The first prize in the 1979 Hungarian Radio Competition launched pianist Péter Nagy into a remarkable international career at a young age. Nagy had been admitted at the age of eight to the Liszt Academy of Music in Budapest, and at the age of eleven he won the second prize of the International Concours in Usti nad Labem (Czechoslovakia). In 1980 he was acclaimed at the Bordeaux Festival of Young Soloists and on the Bratislava International Rostrum for Young Interpreters.
Nagy’s concerts include tours throughout Europe, performing concertos and solo recitals in Finland, Germany, Greece, Russia, throughout the former Soviet Union, France (where he has performed at the Louvre in Paris), and London (notably at Wigmore Hall), as well as many other engagements. He has given recitals at the 92nd Street Y in New York, the Sydney Opera House, in New Zealand and throughout Japan. Among his concerto engagements in Japan are appearances as a soloist with the Tokyo Symphony Orchestra and the Yomiuri Symphony Orchestra.
As a chamber musician Péter Nagy has performed at major music festivals in Europe, the United States and Japan.
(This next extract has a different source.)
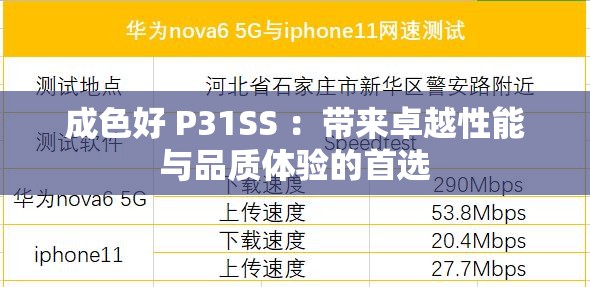 成色好 P31SS ：帶來卓越性能與品質體驗的首選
He regularly collaborates with partners such as the New Zealand String Quartet, Biava String Quartet, Chiara String Quartet, Zoltán Kocsis, László Polgár, Miklós Perényi, Leonidas Kavakos, the St Lawrence String Quartet, Kim Kashkashian, Boris Pergamenschikow, Charles Neidich, Nobuko Imai, Nathalian Rosen, Jan Vogler, Tanja Becker-Bender, Hí¥kan Rosengren, Ruggiero Ricci, Bruno Giuranna, Frans Helmerson and Colin Carr, to name a few.
Péter Nagy is also active as a teacher, holding positions as professor of piano at the Liszt Academy in Budapest and professor of piano at the Hochschule für Musik in Stuttgart. He has been regularly invited to give masterclasses at the Liszt Hochschule für Musik in Weimar. Recent achievements include a performance of Ligeti’s Piano Concerto in Budapest. In 2001 he received the prestigious Liszt Award.